El otoño, que acabamos de estrenar, es la estación de los sentidos. Existen pocos espectáculos visuales como el que nos brinda un paseo por una chopera o un hayedo en otoño. Especialmente en esos días en los que el viento sopla suavemente y la caída de las hojas de los árboles dan lugar a esa lluvia amarilla, ese delicado instante al que el gran Julio Llamazares dedicó una de sus mejores y más íntimas novelas, titulada precisamente así: la lluvia amarilla.
También han empezado los conciertos de temporada, una de las más emotivas de todo el año. Acaba de llegar uno de los barítonos del bosque, el petirrojo, cuyo melodioso canto nos va a acompañar durante todos estos meses en nuestras excursiones y caminatas por el parque.
El olor de la tierra mojada es uno de los aromas más agradables de la naturaleza.

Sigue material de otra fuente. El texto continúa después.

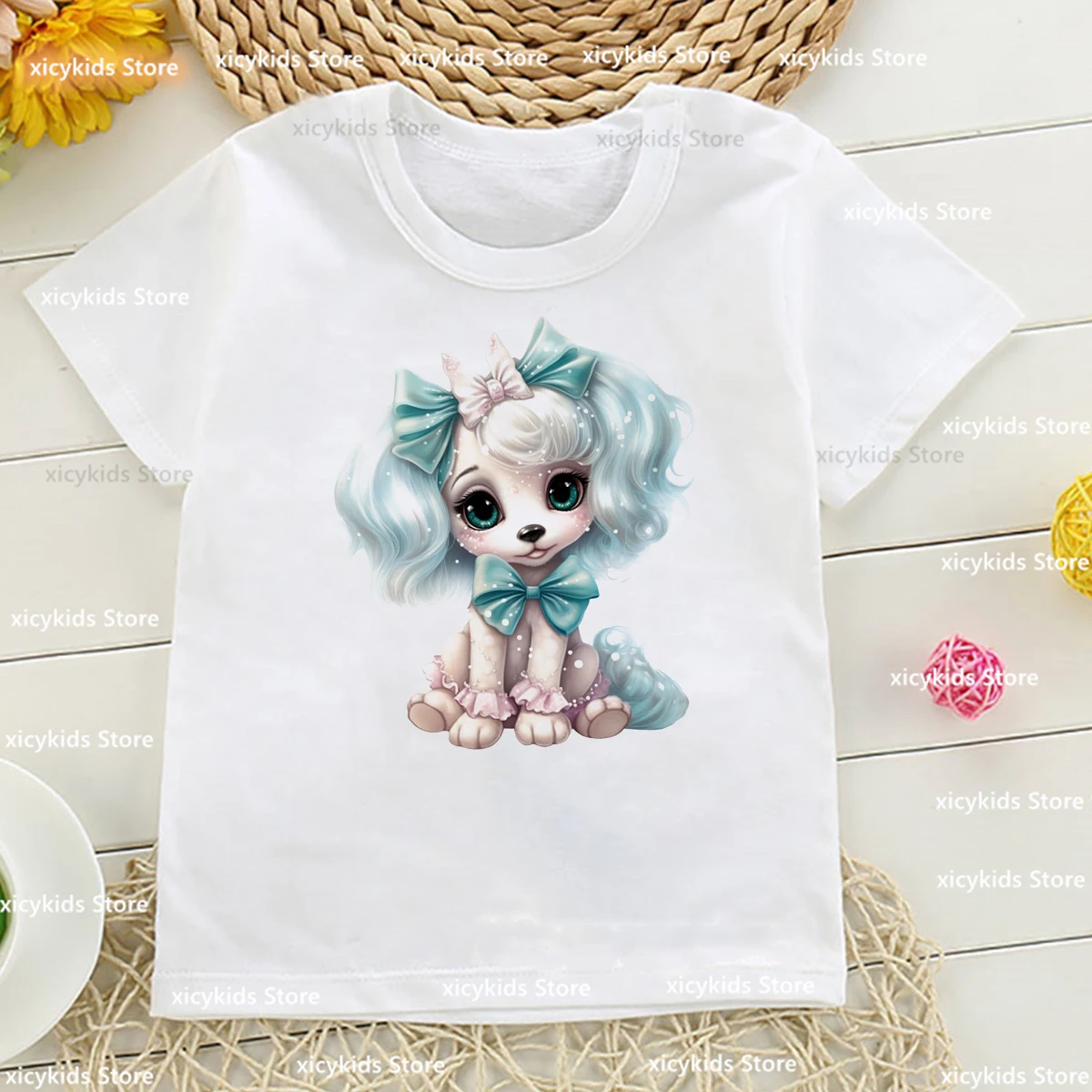 Camiseta divertida con estampado de perro maltés Corgi para niños, camiseta Kawaii para niñas, camiseta blanca de moda, Top de otoño, venta al por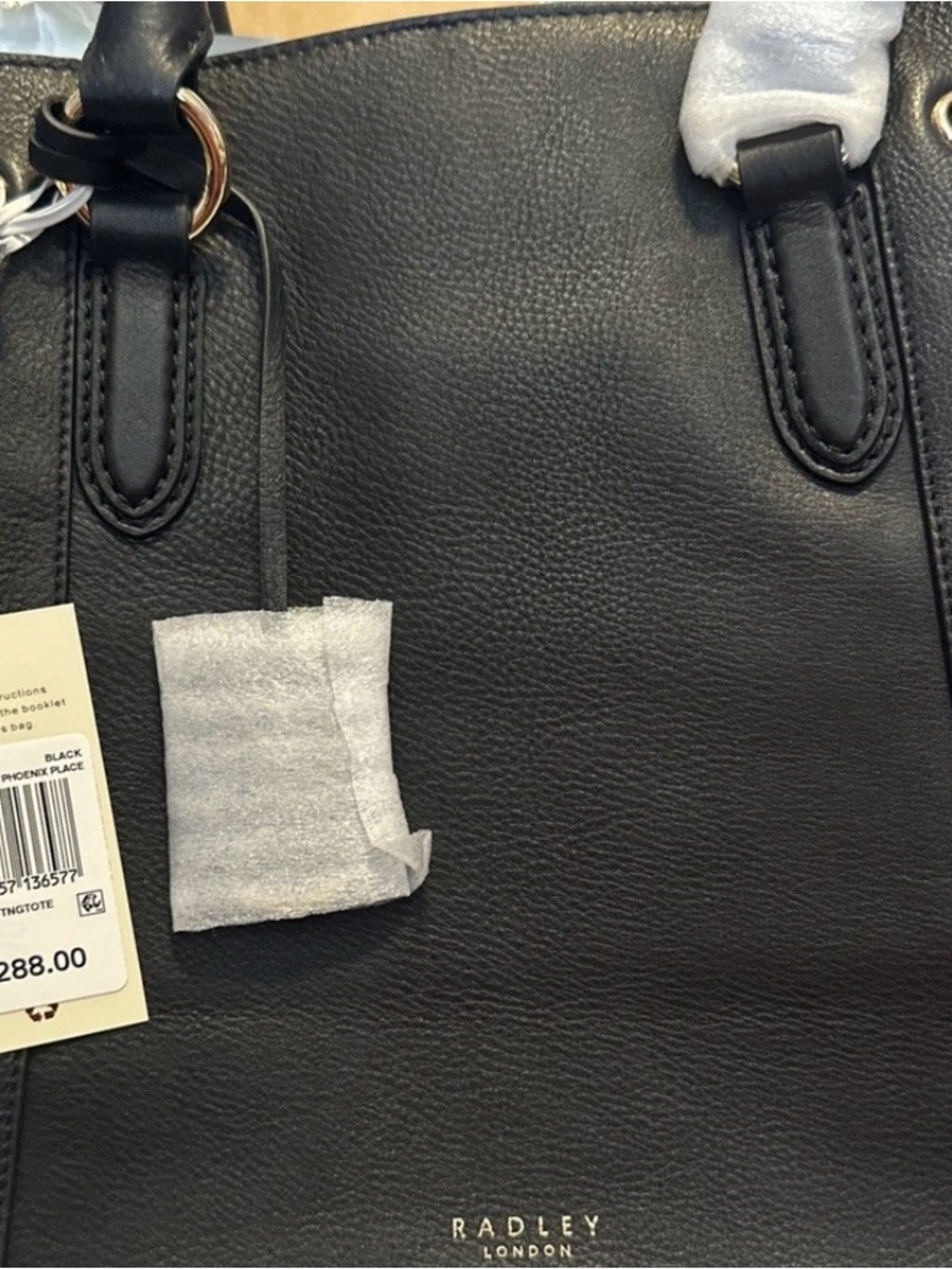 RADLEY LONDON Black Pebbled Leather Tote with Gold Hardware
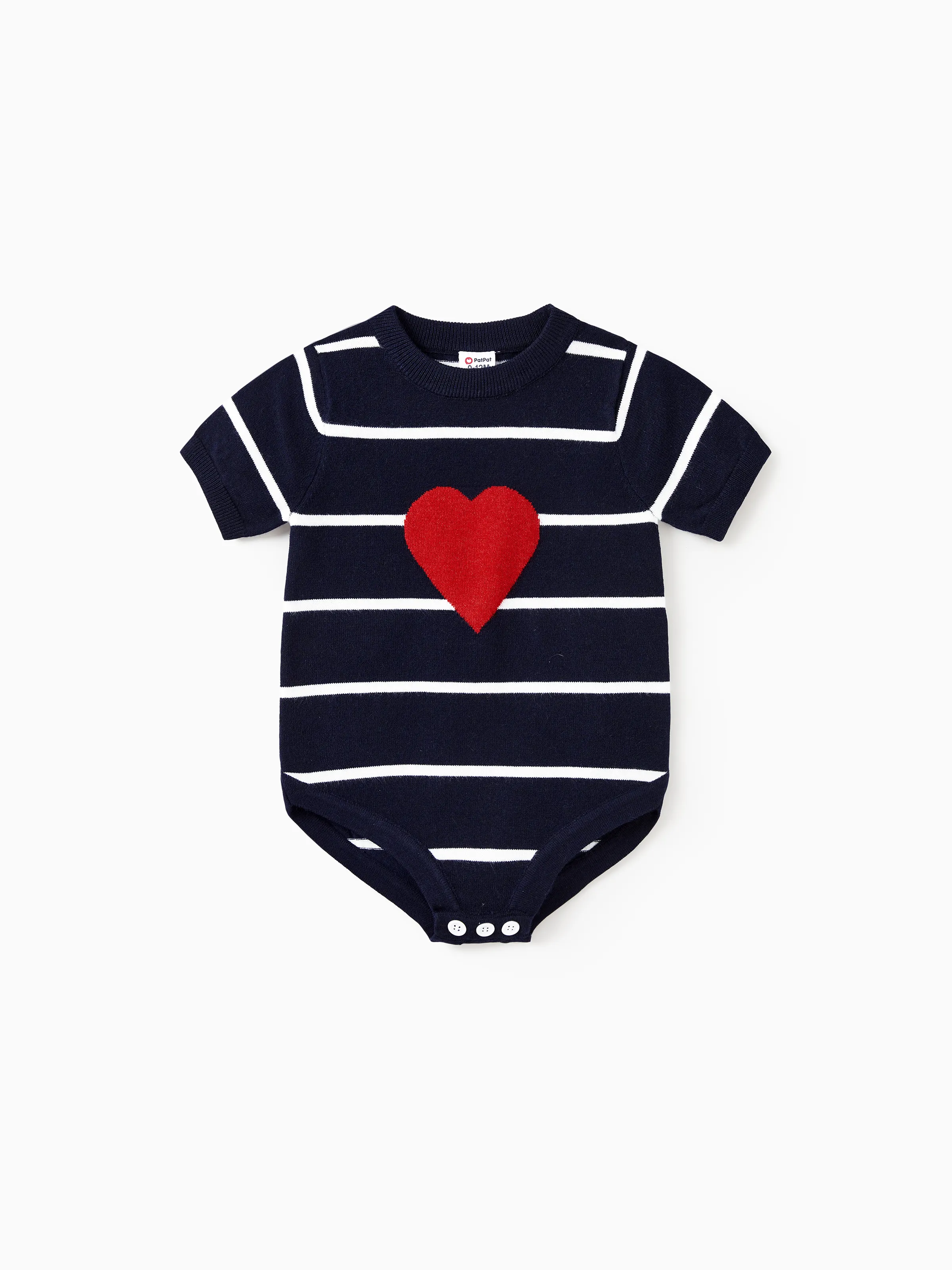 

Valentine's Day Heart Print Striped Short Sleeve Family Matching Tops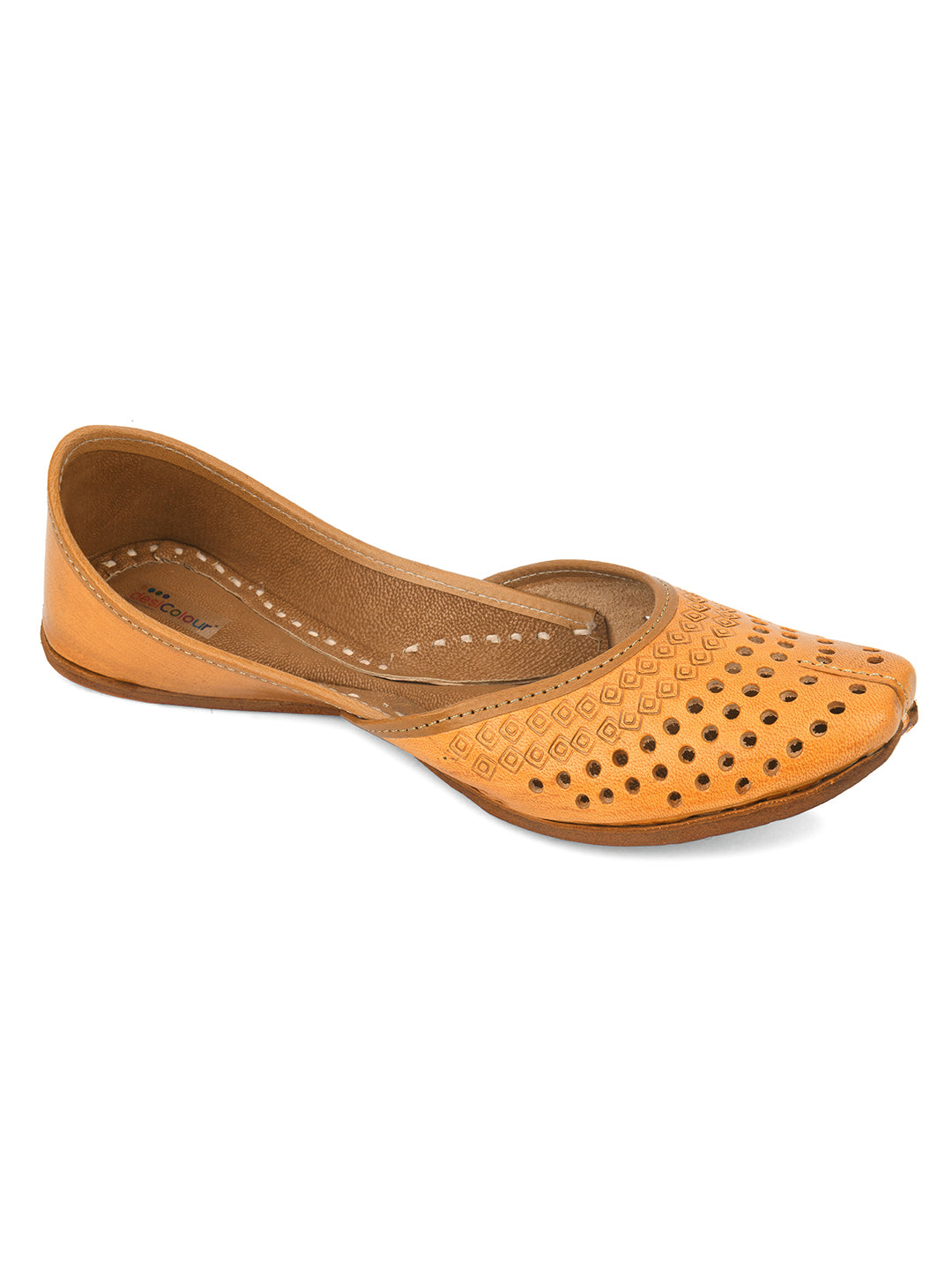 Desi Colour Women Indian Ethnic Footwear-Tan Leather Laser Cut | Grocsy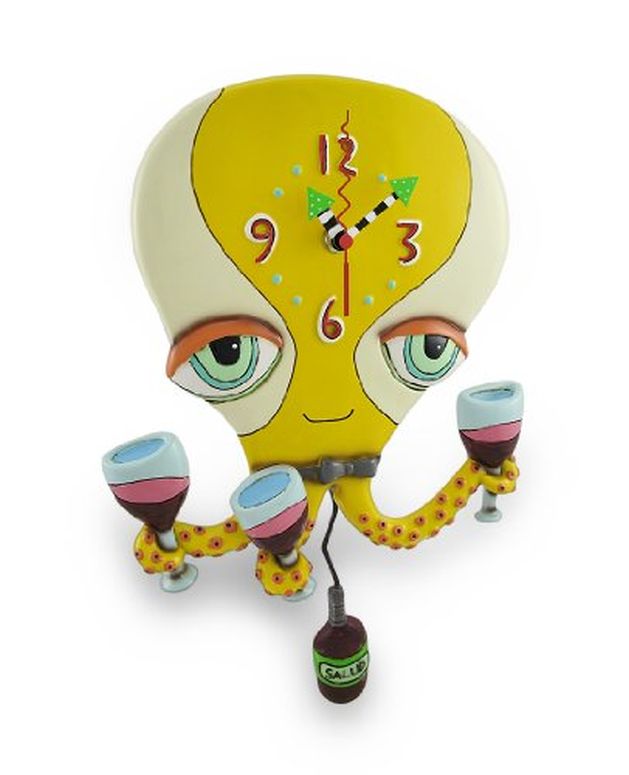 アレン デザイン 振り子時計 ハッピーアワー タコ Allen Designs `Happy Hour` Octopus Pendulum Wall Clock 【並行輸入品】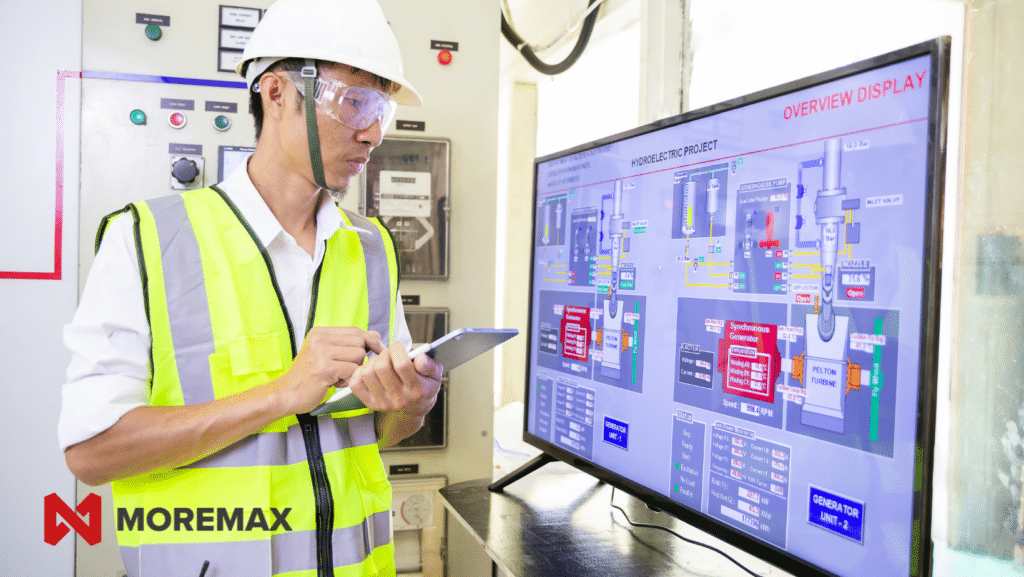 Operator overlooking the OT System that is overseeing his plant.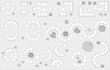 © まこと - An Antrouge vector illustration of the architecture of sofas and lounges viewed from directly above in offices and hotels.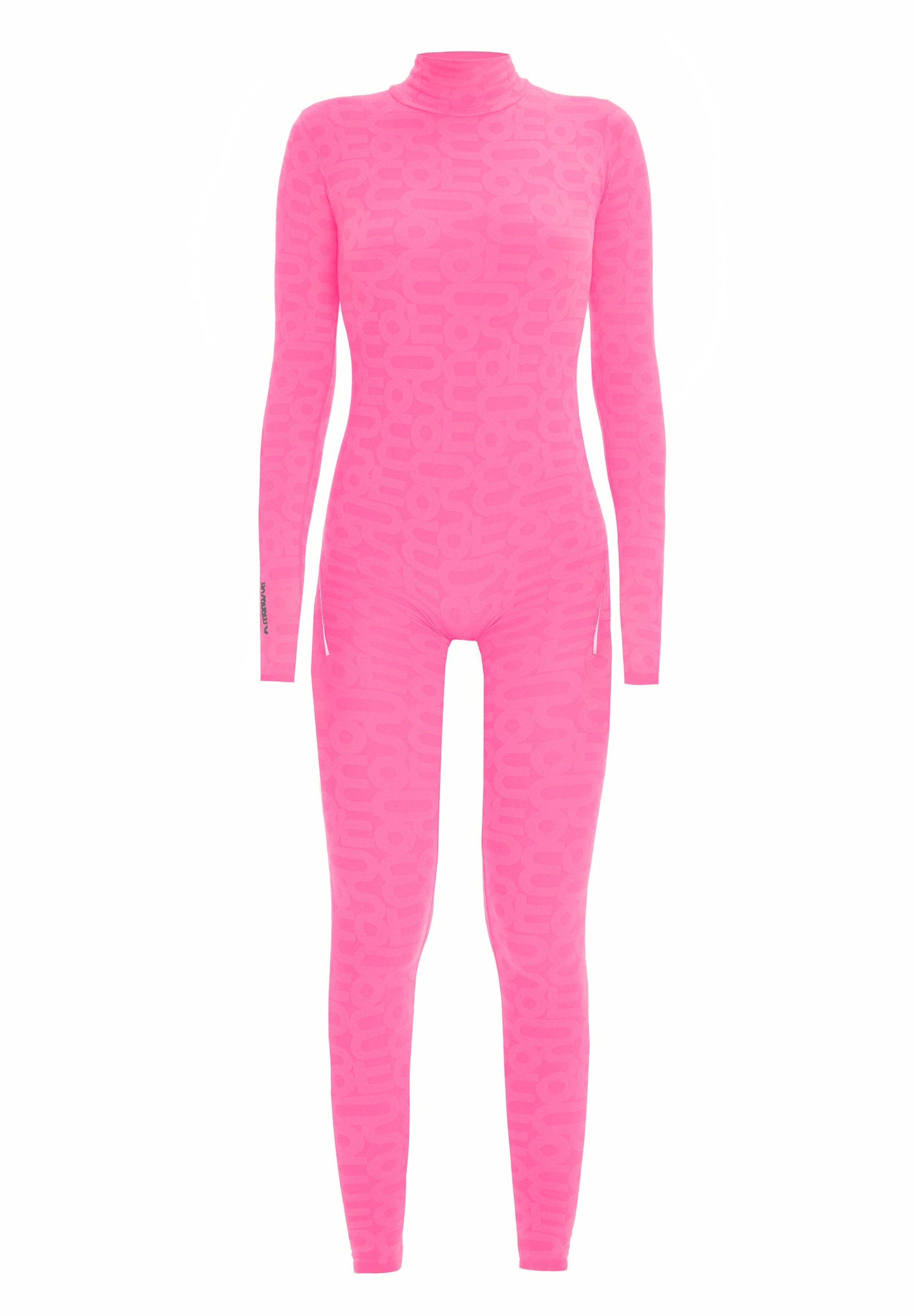 Pink Seamless Turtleneck Long Sleeve Full ECO Bodysuit - XS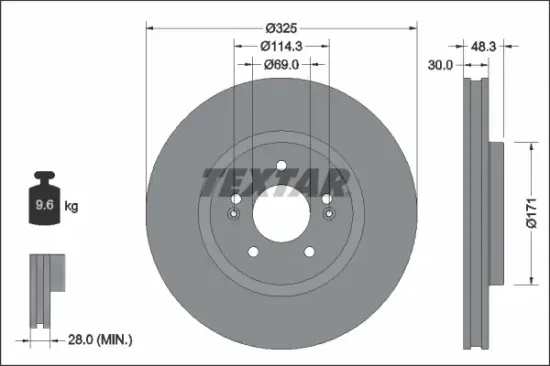 Bremsscheibe Vorderachse TEXTAR 92337103 Bild Bremsscheibe Vorderachse TEXTAR 92337103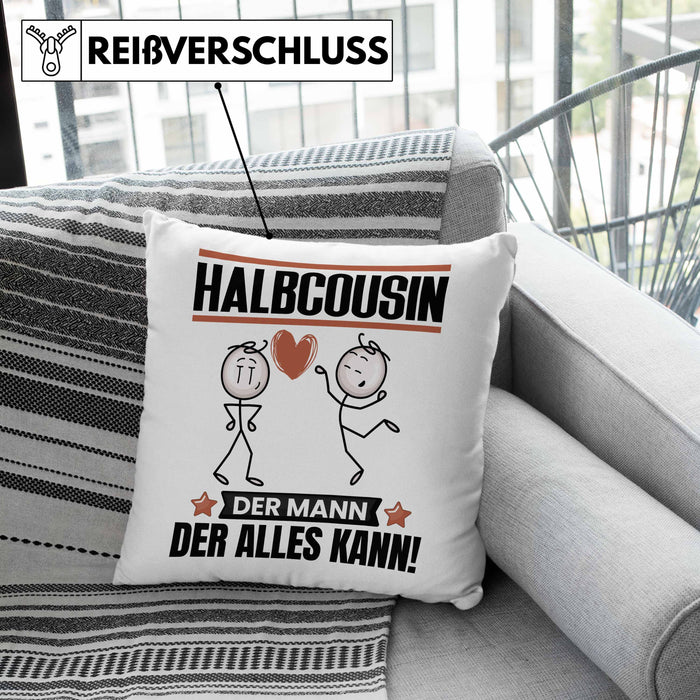 Halbcousin Kissen mit Füllung 40x40 Geschenk für Halbcousin Der Mann Der Alles Kann Geschenkidee zum Geburtstag (Grau) Grau Trendation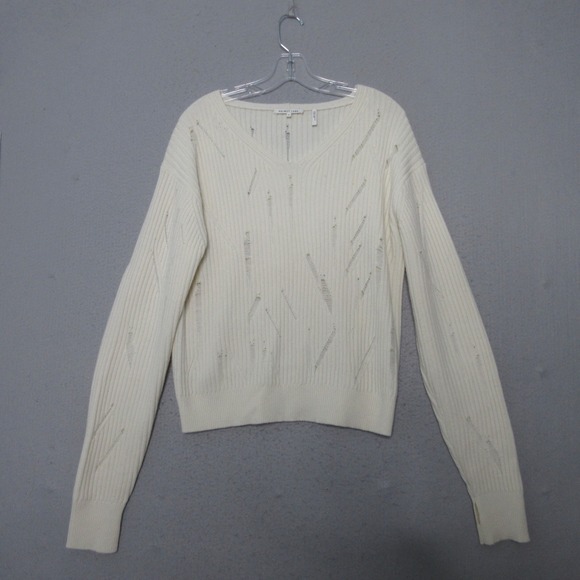 Helmut Lang Sweaters - Helmut Lang Sweater‎ Women M Lambswool Distressed Ribbed Grunge Edgy Thumbhole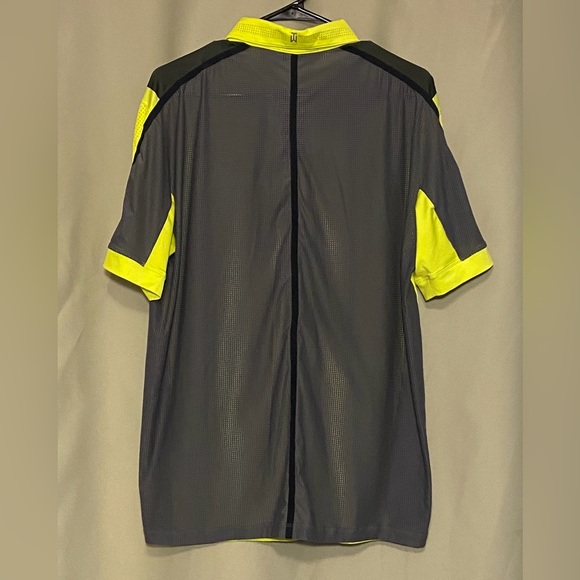 Nike Tiger Woods Perforated Panel Volt Stretch Colorblock Golf Polo Shirt Men M - Picture 2 of 7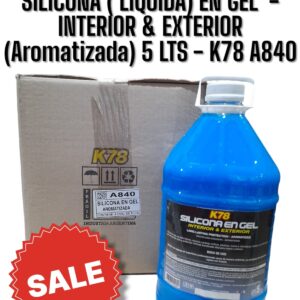 PROMO CAJA X 4 UNIDADES SILICONA ( LIQUIDA) EN GEL  - INTERIOR & EXTERIOR (Aromatizada) 5 LTS - K78 A840 (RENOVADOR -RECUPERADOR - VINILICOS E INTERIORES - REVIVIDOR - SIMIL K78 A843 - K78 A844 - K78 A840 - K78 A815 - K78 A813 - FUL 042 - FUL 400)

Pero si por algo resulta evocador el otoño es, más allá de colores y sonidos, por su perfume: ese olor tan inconfundible y sugestivo que lo convierte en un estimulador de los recuerdos. Siempre me he preguntado por qué ejercen un papel tan evocador los olores del campo, qué es lo que hace que al percibir un aroma que destaca en el ambiente tardemos tan poco tiempo en asociarlo a un determinado recuerdo.
La respuesta científica está en que el olfato es el más sensible de nuestros sentidos: miles de veces más perceptivo que la vista o el oído, archivándose en lo más profundo de nuestra memoria. Por eso muchos recordamos incluso mejor un olor que una cara, porque los olores pasan de la nariz al bulbo olfatorio, incorporándose directamente al sistema límbico de nuestro cerebro, sin tener que recurrir a ningún otro mensajero en forma de neurotransmisor.